O Governo é bilhardeiro

Ponto prévio: O estudo que o Governo Regional encomendou sobre a realidade madeirense deveria ser mais regular para sabermos como está a Madeira e os madeirenses. Parece-me fundamental para entendermo-nos, mas também de alerta a todos os políticos.

Ontem, acredito que o diálogo de muitas famílias em casa foi assim:

- Oh José! Sabias que o Governo encomendou um estudo sobre a gente? – interroga a esposa em casa, enquanto passa os olhos pelo JM.

- Ah sim… Li qualquer coisa… - responde o João, assim sem muito interesse, já que são todos assim…

- Afinal, eu sempre tinha razão, estou a ler o estudo na Internet e diz que há a perceção de existir muita droga e vem de barco, mas não nos arranjam o ferry. Já me viste isto!

- A sério? – incrédulo questiona o João, enquanto se encosta à Maria – Deixa-me cá ver isso!

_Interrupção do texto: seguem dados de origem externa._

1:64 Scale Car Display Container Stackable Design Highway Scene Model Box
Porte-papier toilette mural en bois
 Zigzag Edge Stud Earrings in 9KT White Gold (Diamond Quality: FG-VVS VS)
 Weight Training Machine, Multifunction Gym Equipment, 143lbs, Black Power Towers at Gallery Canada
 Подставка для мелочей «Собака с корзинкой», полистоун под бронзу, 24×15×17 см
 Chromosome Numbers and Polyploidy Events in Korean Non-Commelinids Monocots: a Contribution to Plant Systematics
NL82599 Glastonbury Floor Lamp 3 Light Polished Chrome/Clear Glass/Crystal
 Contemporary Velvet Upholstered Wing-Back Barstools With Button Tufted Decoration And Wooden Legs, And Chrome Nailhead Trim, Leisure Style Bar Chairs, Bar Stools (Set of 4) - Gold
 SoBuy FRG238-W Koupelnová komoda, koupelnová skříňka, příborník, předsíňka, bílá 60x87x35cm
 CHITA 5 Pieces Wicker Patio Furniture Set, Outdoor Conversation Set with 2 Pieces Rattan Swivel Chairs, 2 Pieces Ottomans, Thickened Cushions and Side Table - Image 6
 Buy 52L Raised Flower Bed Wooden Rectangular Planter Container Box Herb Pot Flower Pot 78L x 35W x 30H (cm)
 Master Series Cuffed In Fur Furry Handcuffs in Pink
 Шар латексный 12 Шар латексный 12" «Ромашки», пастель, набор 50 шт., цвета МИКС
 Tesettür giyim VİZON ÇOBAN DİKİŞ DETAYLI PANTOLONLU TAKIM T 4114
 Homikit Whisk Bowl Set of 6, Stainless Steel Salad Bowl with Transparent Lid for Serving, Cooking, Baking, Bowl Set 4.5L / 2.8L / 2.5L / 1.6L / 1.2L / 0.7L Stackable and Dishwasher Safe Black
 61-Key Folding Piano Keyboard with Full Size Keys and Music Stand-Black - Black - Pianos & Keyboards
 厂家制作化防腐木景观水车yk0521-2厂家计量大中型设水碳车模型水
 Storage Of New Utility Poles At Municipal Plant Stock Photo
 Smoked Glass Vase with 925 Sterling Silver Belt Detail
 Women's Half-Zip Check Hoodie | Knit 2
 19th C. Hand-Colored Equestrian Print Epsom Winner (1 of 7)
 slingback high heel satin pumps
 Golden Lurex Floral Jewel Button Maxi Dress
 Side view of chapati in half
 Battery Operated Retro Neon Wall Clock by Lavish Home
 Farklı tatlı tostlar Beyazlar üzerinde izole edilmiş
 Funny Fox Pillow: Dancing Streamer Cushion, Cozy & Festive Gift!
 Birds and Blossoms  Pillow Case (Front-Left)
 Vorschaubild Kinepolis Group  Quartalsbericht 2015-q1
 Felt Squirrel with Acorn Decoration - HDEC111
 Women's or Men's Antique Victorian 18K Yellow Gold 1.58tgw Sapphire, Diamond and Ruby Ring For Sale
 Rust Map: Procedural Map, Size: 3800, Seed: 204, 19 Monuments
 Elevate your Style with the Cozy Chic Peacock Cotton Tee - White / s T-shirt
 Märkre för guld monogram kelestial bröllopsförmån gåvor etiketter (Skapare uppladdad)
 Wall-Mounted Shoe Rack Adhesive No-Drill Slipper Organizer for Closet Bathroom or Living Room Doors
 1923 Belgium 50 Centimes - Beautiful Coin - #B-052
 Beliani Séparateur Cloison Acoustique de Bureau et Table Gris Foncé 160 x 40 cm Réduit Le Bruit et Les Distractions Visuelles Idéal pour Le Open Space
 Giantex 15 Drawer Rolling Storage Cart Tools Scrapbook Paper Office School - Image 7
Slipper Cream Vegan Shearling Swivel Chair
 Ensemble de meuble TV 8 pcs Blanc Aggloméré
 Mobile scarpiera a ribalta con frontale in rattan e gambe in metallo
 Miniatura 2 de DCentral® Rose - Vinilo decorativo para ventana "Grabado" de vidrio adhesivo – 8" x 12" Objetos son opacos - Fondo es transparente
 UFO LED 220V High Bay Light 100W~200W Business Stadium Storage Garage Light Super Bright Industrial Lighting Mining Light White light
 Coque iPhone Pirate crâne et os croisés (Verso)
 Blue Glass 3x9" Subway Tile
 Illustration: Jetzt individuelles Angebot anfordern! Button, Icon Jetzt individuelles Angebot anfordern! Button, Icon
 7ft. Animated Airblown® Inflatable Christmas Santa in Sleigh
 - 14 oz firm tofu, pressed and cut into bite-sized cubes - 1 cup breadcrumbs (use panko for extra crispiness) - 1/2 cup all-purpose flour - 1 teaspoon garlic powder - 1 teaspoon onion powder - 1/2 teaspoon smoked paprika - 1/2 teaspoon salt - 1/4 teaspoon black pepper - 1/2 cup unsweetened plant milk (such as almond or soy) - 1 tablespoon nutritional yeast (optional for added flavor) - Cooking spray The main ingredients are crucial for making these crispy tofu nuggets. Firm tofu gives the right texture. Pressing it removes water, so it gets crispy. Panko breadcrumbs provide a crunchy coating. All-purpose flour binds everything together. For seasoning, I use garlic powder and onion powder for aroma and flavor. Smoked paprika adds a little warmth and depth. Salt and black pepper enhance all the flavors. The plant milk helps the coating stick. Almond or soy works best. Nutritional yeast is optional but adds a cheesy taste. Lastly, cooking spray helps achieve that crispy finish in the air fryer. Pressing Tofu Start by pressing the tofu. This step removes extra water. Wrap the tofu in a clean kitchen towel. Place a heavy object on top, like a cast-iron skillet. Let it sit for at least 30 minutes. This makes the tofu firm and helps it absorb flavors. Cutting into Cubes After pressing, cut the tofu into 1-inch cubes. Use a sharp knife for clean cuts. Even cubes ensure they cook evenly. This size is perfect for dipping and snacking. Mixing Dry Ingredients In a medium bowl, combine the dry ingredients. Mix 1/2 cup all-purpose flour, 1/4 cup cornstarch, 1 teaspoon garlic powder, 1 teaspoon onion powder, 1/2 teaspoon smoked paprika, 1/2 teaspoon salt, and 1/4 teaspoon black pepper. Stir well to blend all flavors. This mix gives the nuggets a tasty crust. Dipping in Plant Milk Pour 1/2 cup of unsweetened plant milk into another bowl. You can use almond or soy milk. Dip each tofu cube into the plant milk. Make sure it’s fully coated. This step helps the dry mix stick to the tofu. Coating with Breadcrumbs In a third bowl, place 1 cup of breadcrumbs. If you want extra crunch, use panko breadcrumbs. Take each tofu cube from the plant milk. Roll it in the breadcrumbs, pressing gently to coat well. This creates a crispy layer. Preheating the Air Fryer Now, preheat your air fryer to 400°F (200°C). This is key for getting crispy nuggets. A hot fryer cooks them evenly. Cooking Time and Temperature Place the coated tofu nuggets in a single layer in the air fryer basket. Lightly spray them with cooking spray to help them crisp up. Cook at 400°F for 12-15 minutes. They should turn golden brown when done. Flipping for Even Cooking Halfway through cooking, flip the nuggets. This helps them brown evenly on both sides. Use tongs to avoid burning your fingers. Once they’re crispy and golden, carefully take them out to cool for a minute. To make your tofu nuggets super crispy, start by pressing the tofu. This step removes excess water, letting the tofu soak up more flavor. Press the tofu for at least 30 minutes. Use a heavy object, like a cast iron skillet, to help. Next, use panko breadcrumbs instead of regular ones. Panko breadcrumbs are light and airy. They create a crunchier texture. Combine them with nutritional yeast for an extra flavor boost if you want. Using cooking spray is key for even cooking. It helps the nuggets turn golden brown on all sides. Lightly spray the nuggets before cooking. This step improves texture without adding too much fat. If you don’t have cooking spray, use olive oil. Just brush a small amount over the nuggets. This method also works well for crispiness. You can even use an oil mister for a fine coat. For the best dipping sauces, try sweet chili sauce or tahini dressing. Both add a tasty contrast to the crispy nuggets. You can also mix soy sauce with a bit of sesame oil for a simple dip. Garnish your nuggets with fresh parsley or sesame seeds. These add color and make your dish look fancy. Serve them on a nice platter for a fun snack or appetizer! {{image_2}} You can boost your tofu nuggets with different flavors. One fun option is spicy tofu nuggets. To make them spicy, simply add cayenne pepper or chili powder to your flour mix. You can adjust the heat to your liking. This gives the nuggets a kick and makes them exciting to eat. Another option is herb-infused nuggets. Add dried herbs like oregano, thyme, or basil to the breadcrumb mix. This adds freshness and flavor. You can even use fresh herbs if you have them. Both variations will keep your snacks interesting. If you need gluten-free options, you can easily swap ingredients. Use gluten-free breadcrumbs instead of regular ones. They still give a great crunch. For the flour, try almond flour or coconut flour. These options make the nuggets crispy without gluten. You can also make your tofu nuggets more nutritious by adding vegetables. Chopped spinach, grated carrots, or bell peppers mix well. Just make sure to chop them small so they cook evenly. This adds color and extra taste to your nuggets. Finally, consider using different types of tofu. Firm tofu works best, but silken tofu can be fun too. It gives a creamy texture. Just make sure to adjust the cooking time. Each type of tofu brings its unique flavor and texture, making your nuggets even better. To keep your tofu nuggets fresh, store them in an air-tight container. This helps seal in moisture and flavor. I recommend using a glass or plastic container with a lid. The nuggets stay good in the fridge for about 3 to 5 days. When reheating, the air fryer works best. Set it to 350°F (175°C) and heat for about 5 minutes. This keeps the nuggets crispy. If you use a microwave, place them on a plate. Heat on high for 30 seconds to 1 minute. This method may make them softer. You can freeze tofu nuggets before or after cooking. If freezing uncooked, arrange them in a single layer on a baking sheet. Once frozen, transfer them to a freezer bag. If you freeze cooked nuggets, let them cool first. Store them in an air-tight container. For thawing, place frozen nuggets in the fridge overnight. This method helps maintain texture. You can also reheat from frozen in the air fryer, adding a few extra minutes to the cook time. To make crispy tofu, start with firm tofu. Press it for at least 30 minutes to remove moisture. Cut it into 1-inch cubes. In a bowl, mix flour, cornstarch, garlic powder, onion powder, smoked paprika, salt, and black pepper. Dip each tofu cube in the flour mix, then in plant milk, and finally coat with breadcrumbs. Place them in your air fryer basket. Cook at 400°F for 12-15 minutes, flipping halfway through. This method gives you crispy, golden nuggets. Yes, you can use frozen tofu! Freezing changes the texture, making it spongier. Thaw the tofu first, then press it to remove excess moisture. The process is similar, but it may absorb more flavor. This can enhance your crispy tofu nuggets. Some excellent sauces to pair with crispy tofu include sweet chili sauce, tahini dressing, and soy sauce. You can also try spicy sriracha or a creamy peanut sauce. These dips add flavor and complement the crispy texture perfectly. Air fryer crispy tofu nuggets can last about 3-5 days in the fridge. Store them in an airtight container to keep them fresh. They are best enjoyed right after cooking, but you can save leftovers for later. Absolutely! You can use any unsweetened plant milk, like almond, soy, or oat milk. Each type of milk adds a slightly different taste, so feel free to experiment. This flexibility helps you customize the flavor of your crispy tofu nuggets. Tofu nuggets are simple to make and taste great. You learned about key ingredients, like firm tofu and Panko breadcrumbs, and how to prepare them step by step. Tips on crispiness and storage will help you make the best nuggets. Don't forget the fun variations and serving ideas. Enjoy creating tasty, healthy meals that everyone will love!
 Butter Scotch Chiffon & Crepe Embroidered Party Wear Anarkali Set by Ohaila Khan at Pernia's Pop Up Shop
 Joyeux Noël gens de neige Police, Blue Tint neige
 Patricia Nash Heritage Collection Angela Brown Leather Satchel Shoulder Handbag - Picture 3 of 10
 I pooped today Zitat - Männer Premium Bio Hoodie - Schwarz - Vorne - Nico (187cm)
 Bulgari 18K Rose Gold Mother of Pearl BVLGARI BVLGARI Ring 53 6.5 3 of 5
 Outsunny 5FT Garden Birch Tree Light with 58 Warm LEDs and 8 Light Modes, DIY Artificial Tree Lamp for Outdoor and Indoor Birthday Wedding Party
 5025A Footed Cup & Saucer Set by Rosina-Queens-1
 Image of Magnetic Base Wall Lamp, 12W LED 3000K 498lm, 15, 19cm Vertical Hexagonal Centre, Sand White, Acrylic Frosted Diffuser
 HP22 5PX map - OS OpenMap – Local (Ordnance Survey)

- Eu bem te dizia que os “horários” estão uma desgraça, por isso peço-te sempre para apanhares-me. Eu saio de casa, aqui na nossa casinha, em São Gonçalo e para ir para o trabalho ali em São Martinho demoro quase uma hora, e tenho que apanhar duas camionetas, afinal não sou a única a dizer mal – argumenta a Maria.

- Eu bem sabia, eu digo-te, tantas e tantas vezes, que ir ao Porto Santo é caro, em especial a viagem, mais valia irmos à Calheta de férias - repara o José.

- Para isso, era preciso existirem unidades hoteleiras suficientes. Olha e isto aqui da educação, eu cá quero que os nossos filhos cheguem à universidade, mas repara que depois não há emprego para eles. Vão ter que ficar no continente, pois não haverá emprego para eles, nem formação para evoluírem. Que tristeza, meu José…

- Tens toda a razão – abana a cabeça, afirmativamente, o José.

- Mas olha, tantas vezes digo que os venezuelanos são os protegidos deste governo, e tanta gente concorda comigo – desabafa Maria.

- Oh Maria, deixa-te dessas coisas, não estás a ver o que passaram esses nossos conterrâneos que tiveram que fugir.

- E mais, sabes o vizinho, o Manel, a mulher e as filhas a viverem de subsídios, de facto é uma pouca vergonha, não querem trabalhar e vivem à nossa custa, mas esses cá são madeirenses – lá começa a bilhardice da Maria.

- Já chega dessas bilhardices, quero lá saber dos vizinhos! – José coloca um ponto final nas bilhardice. - Aprecia-me isto, eu há que tempos que digo no Governo que se ganha mal e estamos abaixo da média nacional, temos produtos mais caros que no continente e estamos a pagar demasiado pela casa, temos que ir negociar com o banco - observa o José.

- Ai meu José, já me viste que não sou a única a gostar do Tony Carreira, nem do nosso presidente, que é um querido.

- Deixa-te de coisas, Maria, não vês que os madeirenses sentem é orgulho no homem que mudou a Madeira, esse sim, é um grande ídolo, o nosso Presidente Alberto João Jardim – conclui o José.

- Olha José, já se faz tarde, vai mas é fazer o jantar que já estou com fome e está quase na hora da novela da TVI.

- Já vou, Maria. Mas tu já me viste que esta malta do governo é mais bilhardeira que tu… - satiriza o José, com aquele seu sorrisinho característico.

Este podia ser o diálogo de qualquer família madeirense, tentei acabar com os estereótipos, tudo o que tem de “estereótipo” são dados do estudo da Aximage.

Quero deixar outros dois destaques:

Primeiro: o Cristiano Ronaldo é a personalidade mais idolatrada pelos madeirenses.

Segundo: os políticos e seus líderes são os menos confiáveis para os madeirenses, bem como os deputados.

Post Scriptum: Quero só fazer um reparo ao estudo e aos técnicos da Aximage: já não existe “presidente da Assembleia Nacional”, pois não acredito que os madeirenses ainda confiem ou não nele, pois esse deixou de existir em 1974, o que existe atualmente é Presidente da Assembleia da República.